From mboxrd@z Thu Jan  1 00:00:00 1970
From: Alan Stern <stern-nwvwT67g6+6dFdvTe/nMLpVzexx5G7lz@public.gmane.org>
Subject: Re: [PATCH 0/3] Fix USB deadlock caused by SCSI error handling
Date: Tue, 1 Apr 2014 17:28:48 -0400 (EDT)
Message-ID: <Pine.LNX.4.44L0.1404011718350.7652-100000@netrider.rowland.org>
References: <533ADD26.1030300@suse.de>
Mime-Version: 1.0
Content-Type: TEXT/PLAIN; charset=US-ASCII
Return-path: <linux-usb-owner-u79uwXL29TY76Z2rM5mHXA@public.gmane.org>
In-Reply-To: <533ADD26.1030300-l3A5Bk7waGM@public.gmane.org>
Sender: linux-usb-owner-u79uwXL29TY76Z2rM5mHXA@public.gmane.org
To: Hannes Reinecke <hare-l3A5Bk7waGM@public.gmane.org>
Cc: James Bottomley <James.Bottomley-d9PhHud1JfjCXq6kfMZ53/egYHeGw8Jk@public.gmane.org>, SCSI development list <linux-scsi-u79uwXL29TY76Z2rM5mHXA@public.gmane.org>, USB list <linux-usb-u79uwXL29TY76Z2rM5mHXA@public.gmane.org>
List-Id: linux-scsi@vger.kernel.org

On Tue, 1 Apr 2014, Hannes Reinecke wrote:

> >> So if the above reasoning is okay then this patch should be doing
> >> the trick:
> >>
> >> diff --git a/drivers/scsi/scsi_error.c b/drivers/scsi/scsi_error.c
> >> index 771c16b..0e72374 100644
> >> --- a/drivers/scsi/scsi_error.c
> >> +++ b/drivers/scsi/scsi_error.c
> >> @@ -189,6 +189,7 @@ scsi_abort_command(struct scsi_cmnd *scmd)
> >>                 /*
> >>                  * Retry after abort failed, escalate to next level.
> >>                  */
> >> +               scmd->eh_eflags &= ~SCSI_EH_ABORT_SCHEDULED;
> >>                 SCSI_LOG_ERROR_RECOVERY(3,
> >>                         scmd_printk(KERN_INFO, scmd,
> >>                                     "scmd %p previous abort
> >> failed\n", scmd));
> >>
> >> (Beware of line
> >> breaks)
> >>
> >> Can you test with it?
> > 
> > I don't understand.  This doesn't solve the fundamental problem (namely 
> > that you escalate before aborting a running command).  All it does is 
> > clear the SCSI_EH_ABORT_SCHEDULED flag before escalating.
> > 
> Which was precisely the point :-)
> 
> Hmm.

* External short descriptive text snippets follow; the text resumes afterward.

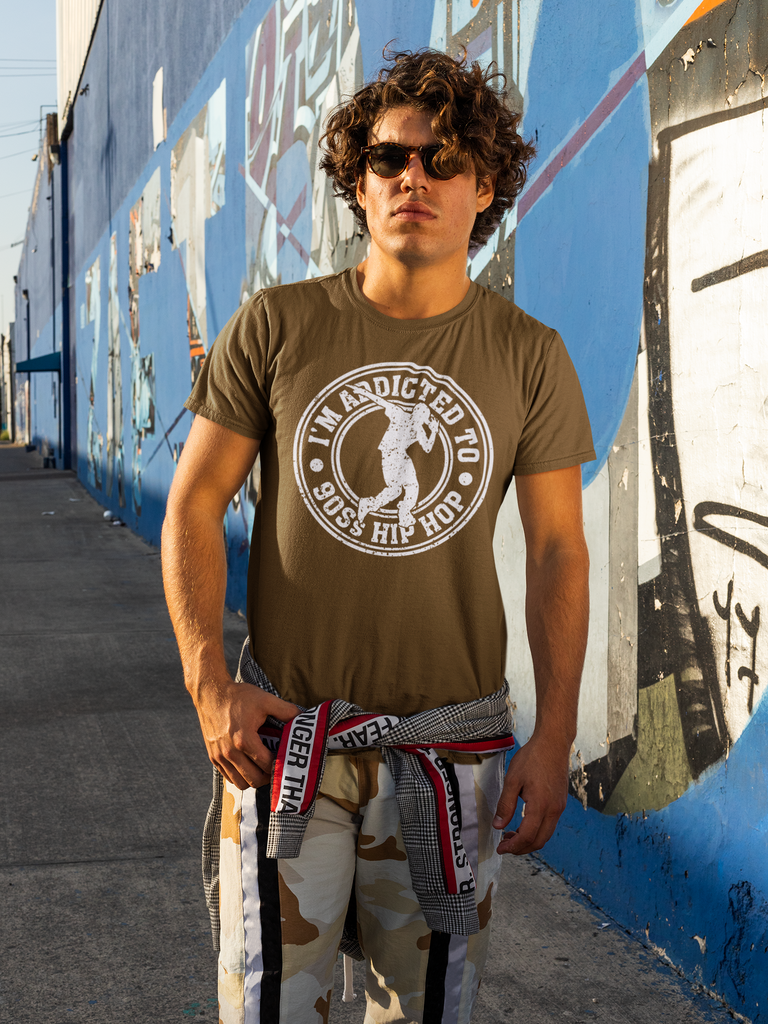 Addicted To 90s Hip Hop T Shirt 5 Colors FREE Shipping Available One Stop Hip Hop UK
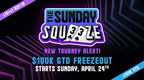 The New $100,000 Sunday Squeeze Tournament Debuts at Americas Cardroom on April 24th for Just $11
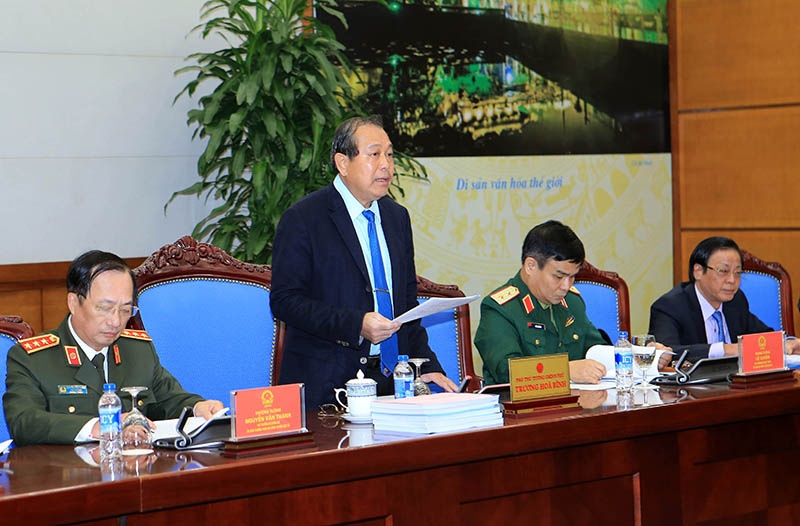 Hoi dong tu van dac xa hop xet duyet danh sach dac xa 2016 hinh anh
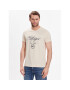 Tommy Hilfiger Póló Faded Script Print MW0MW30040 Bézs Slim Fit - Pepit.hu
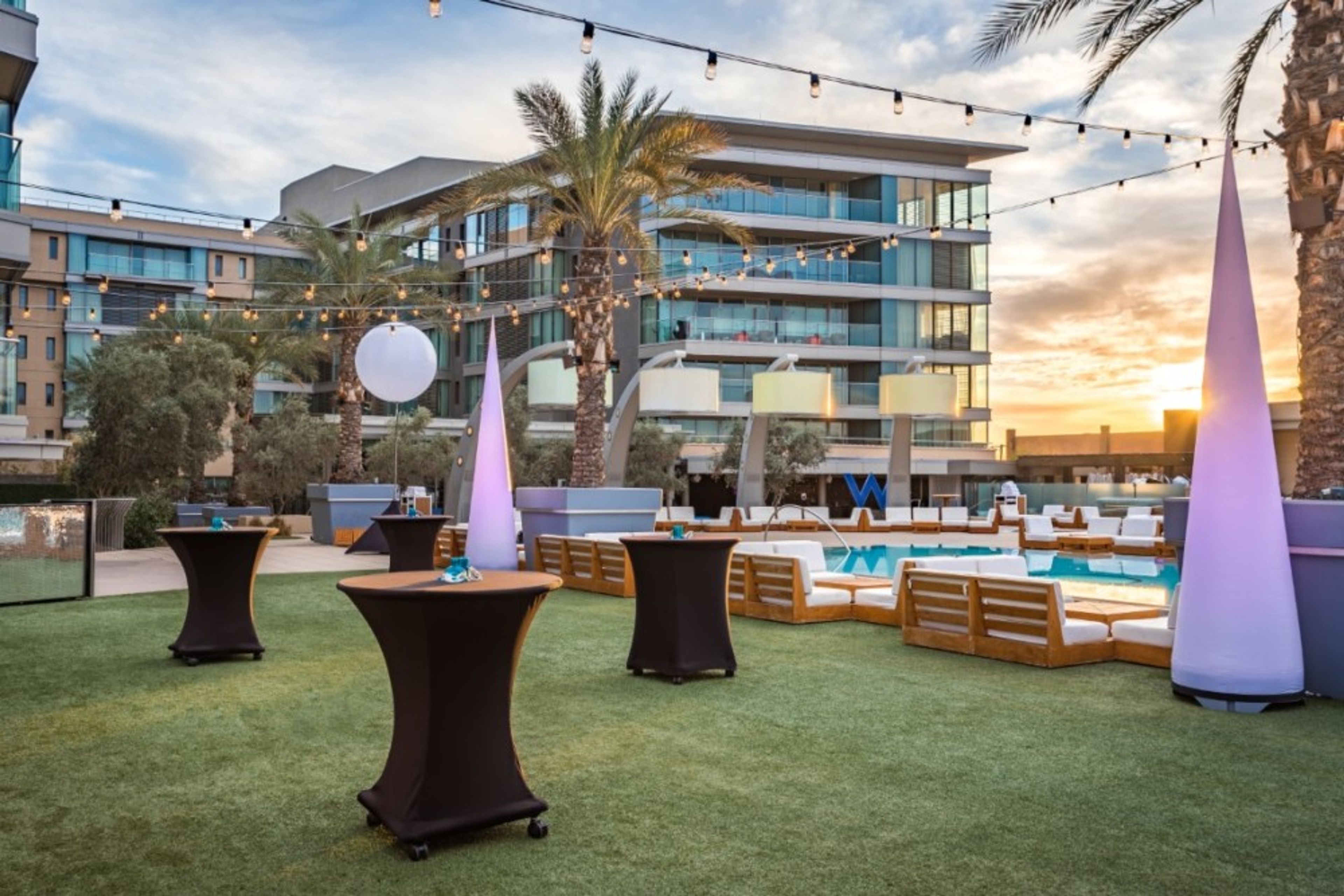 WET Deck, an event space at W Scottsdale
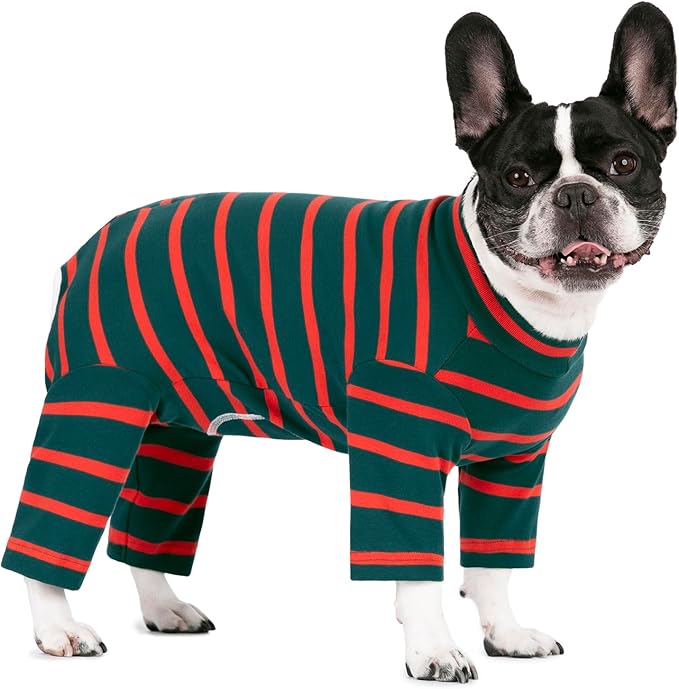 Post Surgery Dog Shirt - Male/Female, Anti-Licking Dog Snugly Onesie, E-Collar Alternative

The comment might've been clearer.
> 
> What this patch is _supposed_ to be doing is that it'll clear the
> SCSI_EH_ABORT_SCHEDULED flag it it has been set.
> Which means this will be the second time scsi_abort_command() has
> been called for the same command.
> IE the first abort went out, did its thing, but now the same command
> has timed out again.
> 
> So this flag gets cleared, and scsi_abort_command() returns FAILED,
> and _no_ asynchronous abort is being scheduled.
> scsi_times_out() will then proceed to call scsi_eh_scmd_add().
> But as we've cleared the SCSI_EH_ABORT_SCHEDULED flag
> the SCSI_EH_CANCEL_CMD flag will continue to be set,
> and the command will be aborted with the main SCSI EH routine.
> 
> It looks to me as if it should do what you desire, namely abort the
> command asynchronously the first time, and invoking the SCSI EH the
> second time.
> 
> Am I wrong?

I don't know -- I'll have to try it out.  Currently I'm busy with a 
bunch of other stuff, so it will take some time.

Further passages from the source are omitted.